Web page caption snippets:
·····

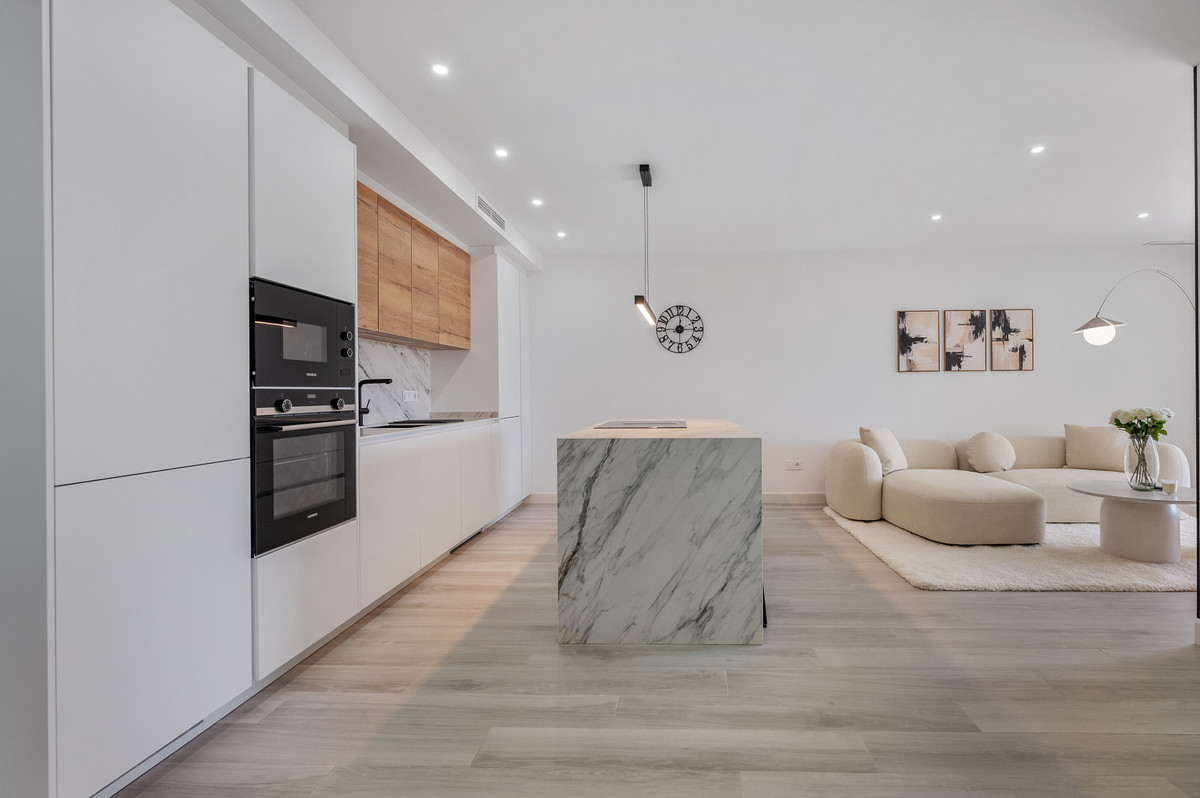 3 Bed Apartment for sale in Nueva Andalucía Costa Del Sol, Málaga, Spain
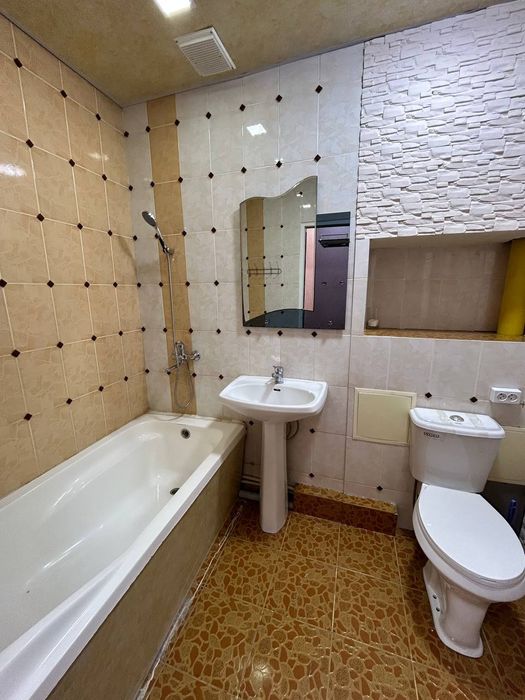 3 хоналик квартира срочно сотилади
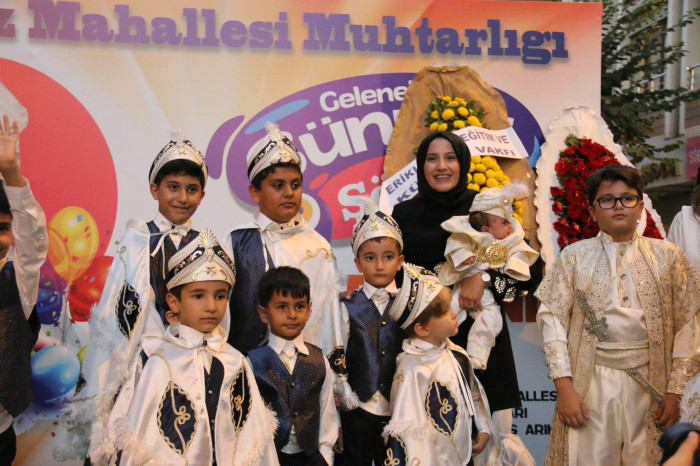 Telsiz Mahalle Muhtar Edanur Menteş 73 evladımızı sünnet ettirdi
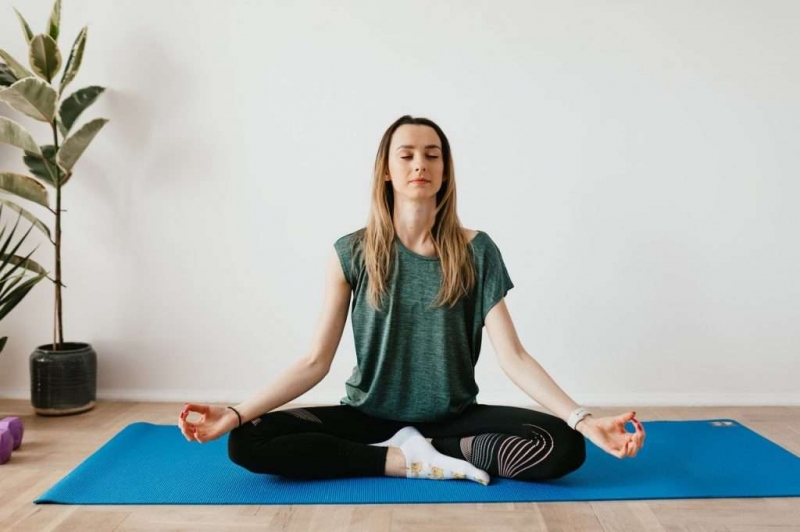 Giải tỏa stress đều đặn bằng cách thiền định, yoga
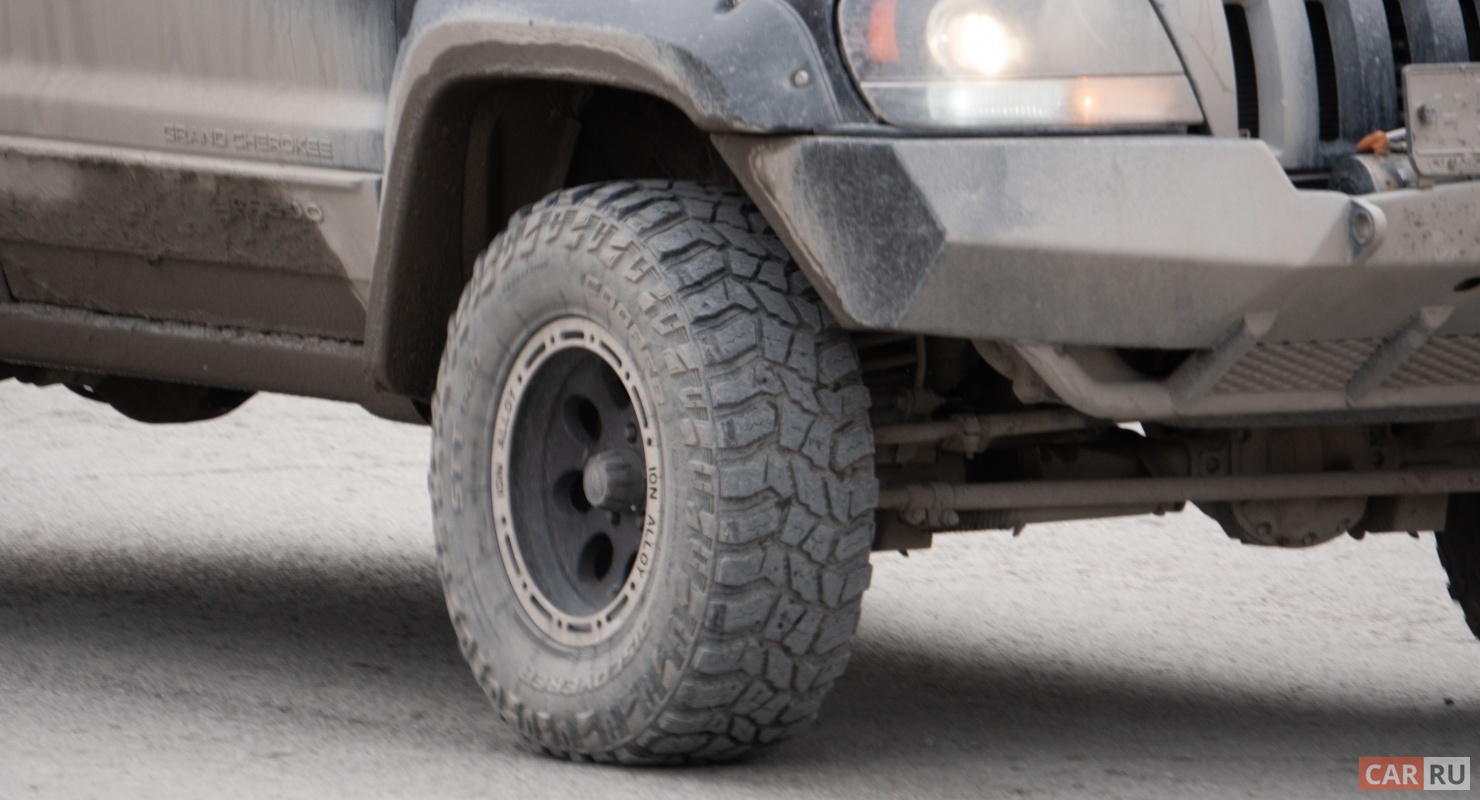 Перестановка шин местами: зачем это нужно?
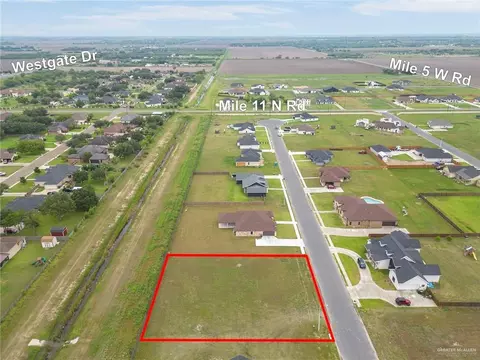 5401 Addison Ln, Weslaco, TX 78599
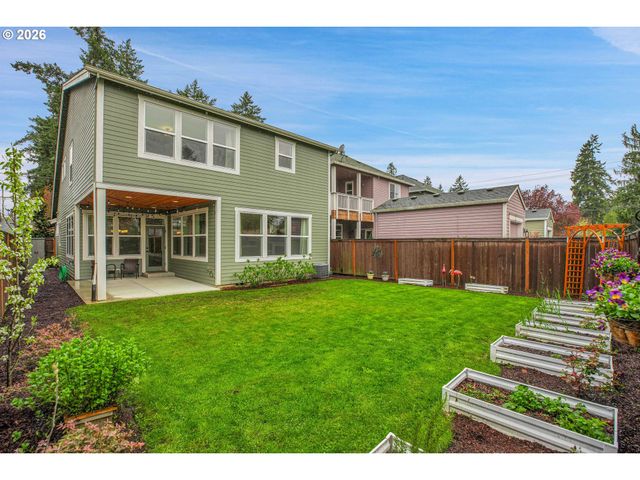 6015 Se STEELE St, Portland, OR 97206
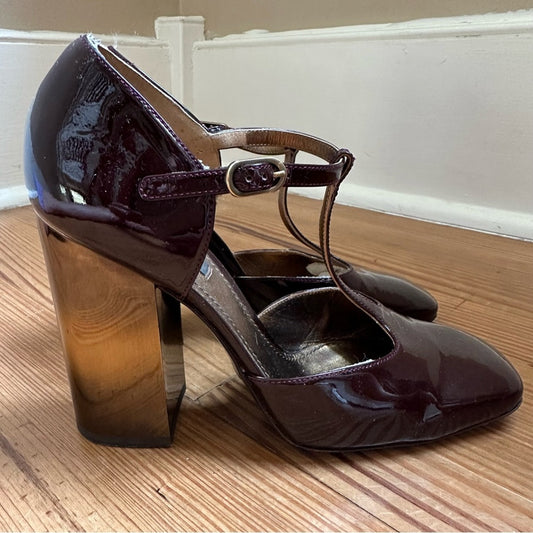 Dolce & Gabbana dark red gold patent leather T strap pumps SIZE 38.5
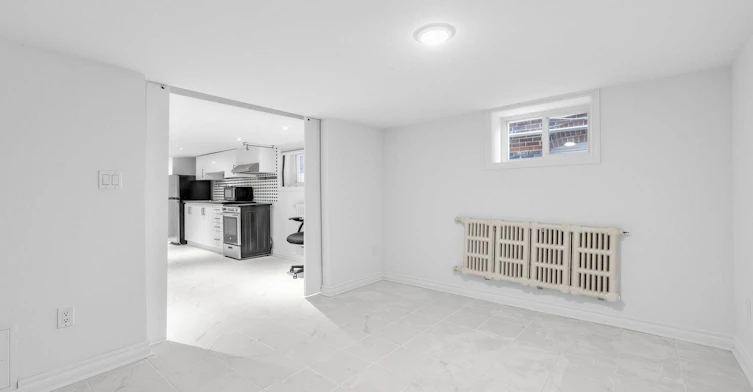 Lower-271 Atlas Avenue, Toronto, ON, M6C 3P8 - 17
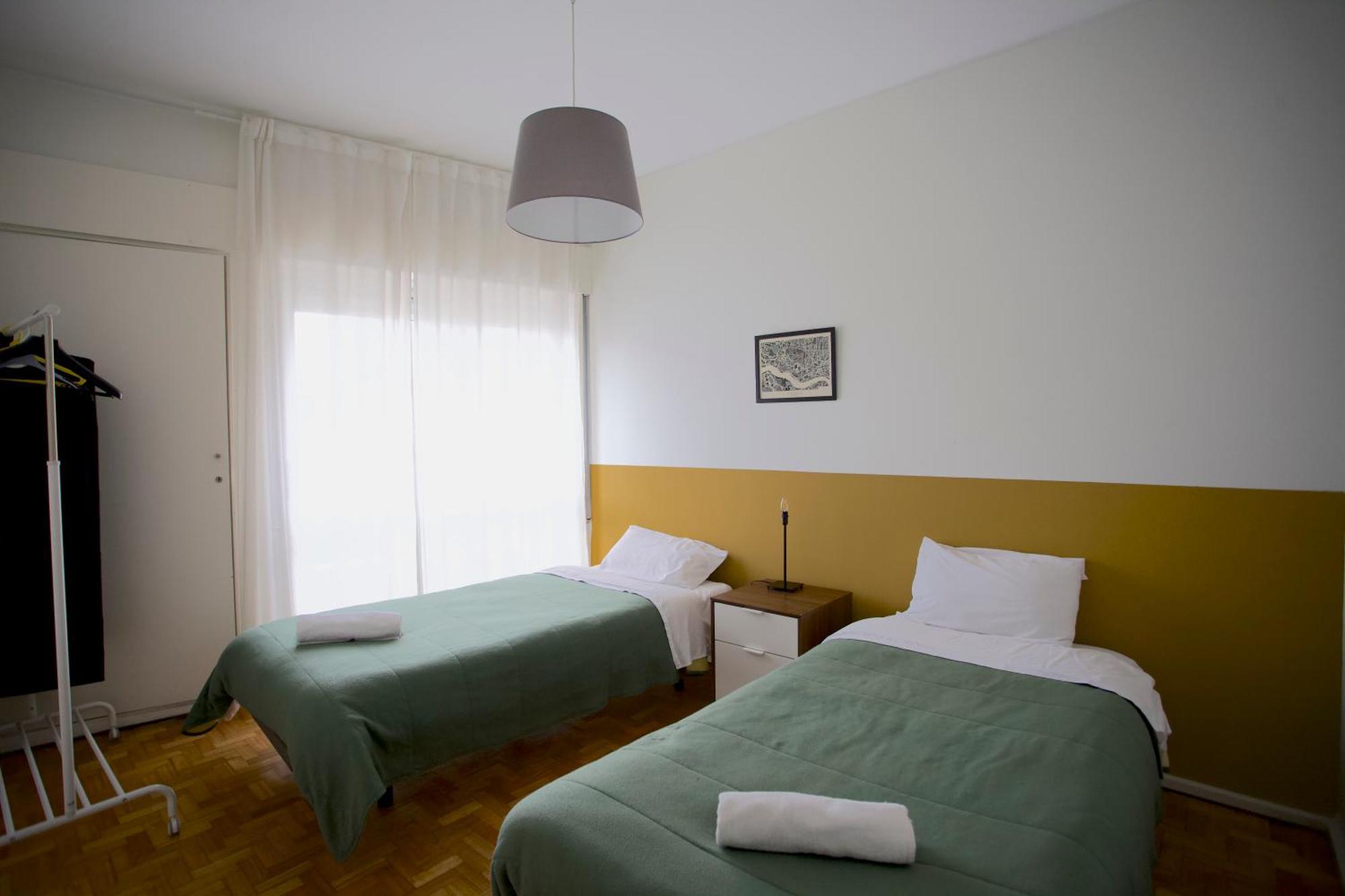 Downtown 3 Bedroom With Balcony - Quiet Street - Family Friendly - Groups OOporto Exterior foto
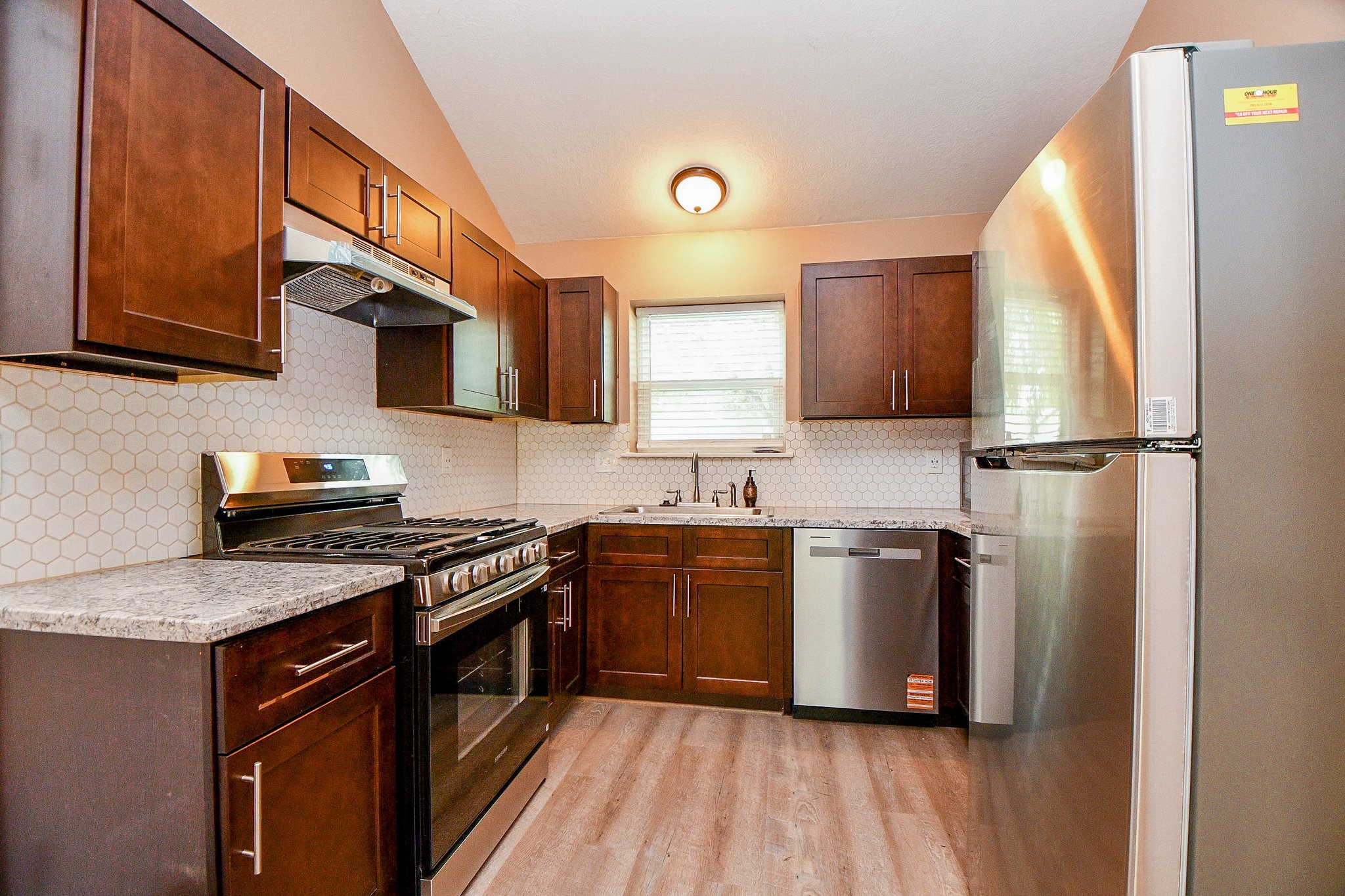 3019 Ciderwood Drive Spring, TX 77373 - Photo 9 of 32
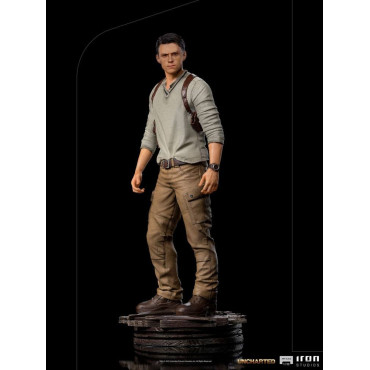 Figura 1/10 Nathan Drake Uncharted Iron Studios Art Scale 20 cm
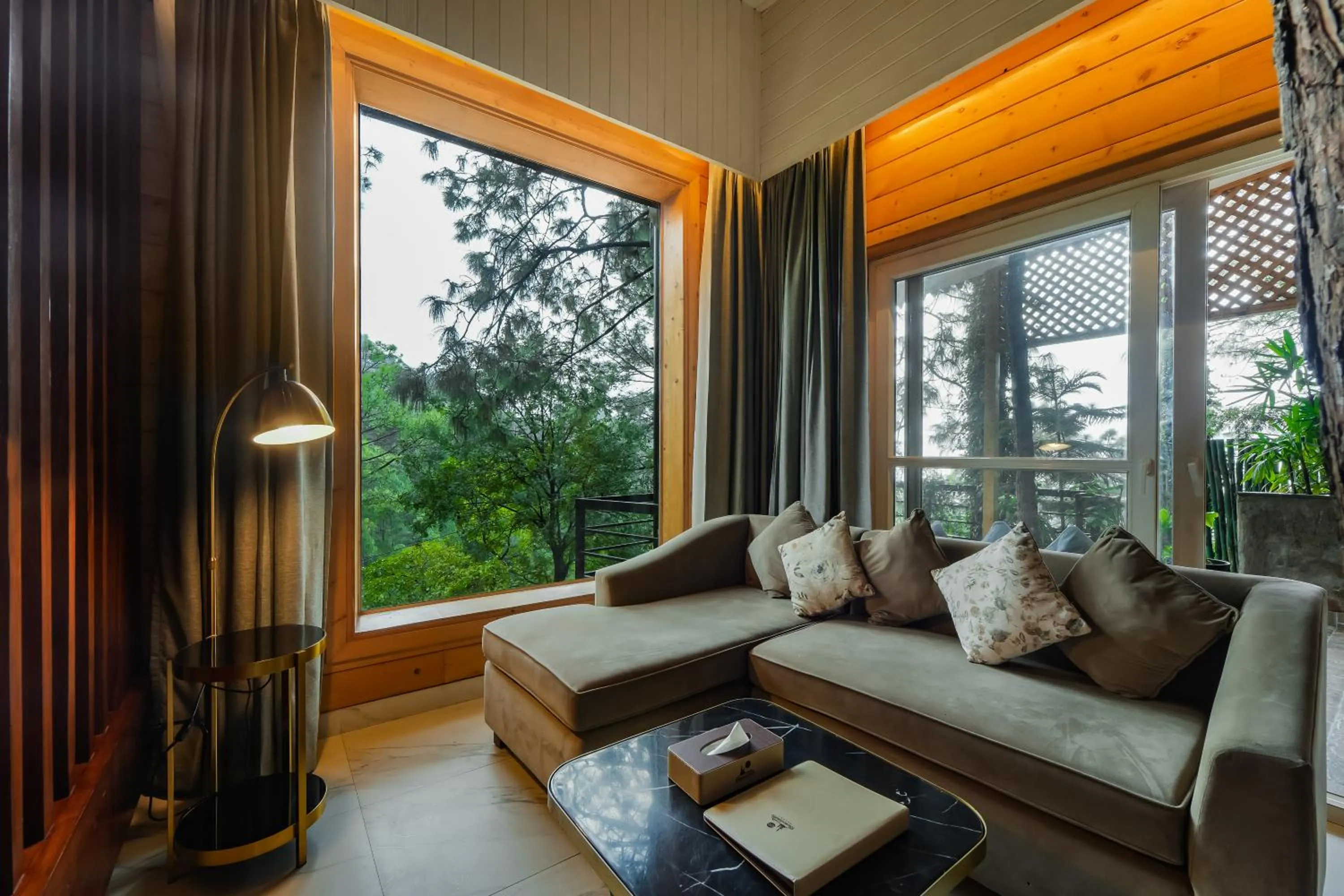 Bedroom in Kasauli Hills Resort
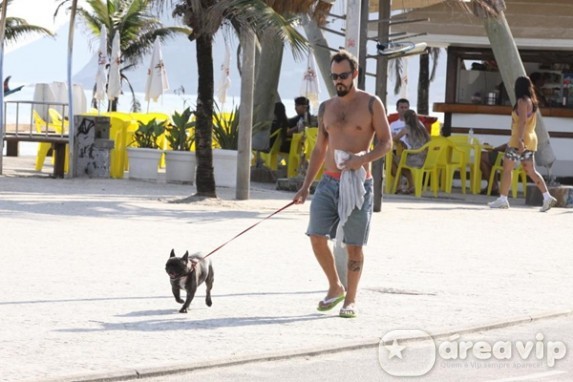 Paulinho Vilhena passeia com seu cachorro em orla carioca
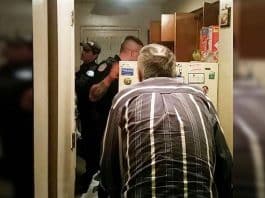 Idoso aciona a polícia por não ter o que comer há 2 dias e oficiais resolvem agir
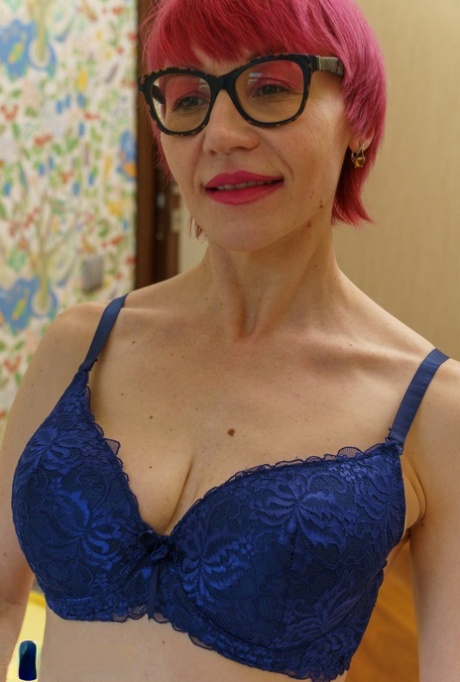 nörttimäinen milf pornografinen ilmainen galleria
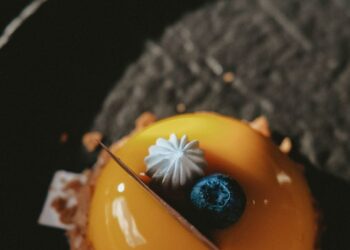 banh mousse xoai illustration for Bánh mousse xoài: Công thức làm bánh không cần lò nướng đỉnh nhất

·····

Required work:
Exact copy required, pictures excluded: the lines from the one holding "nörttimäinen milf pornografinen" through the last line of the data, both ends included.

Task response:
 nörttimäinen milf pornografinen ilmainen galleria
 banh mousse xoai illustration for Bánh mousse xoài: Công thức làm bánh không cần lò nướng đỉnh nhất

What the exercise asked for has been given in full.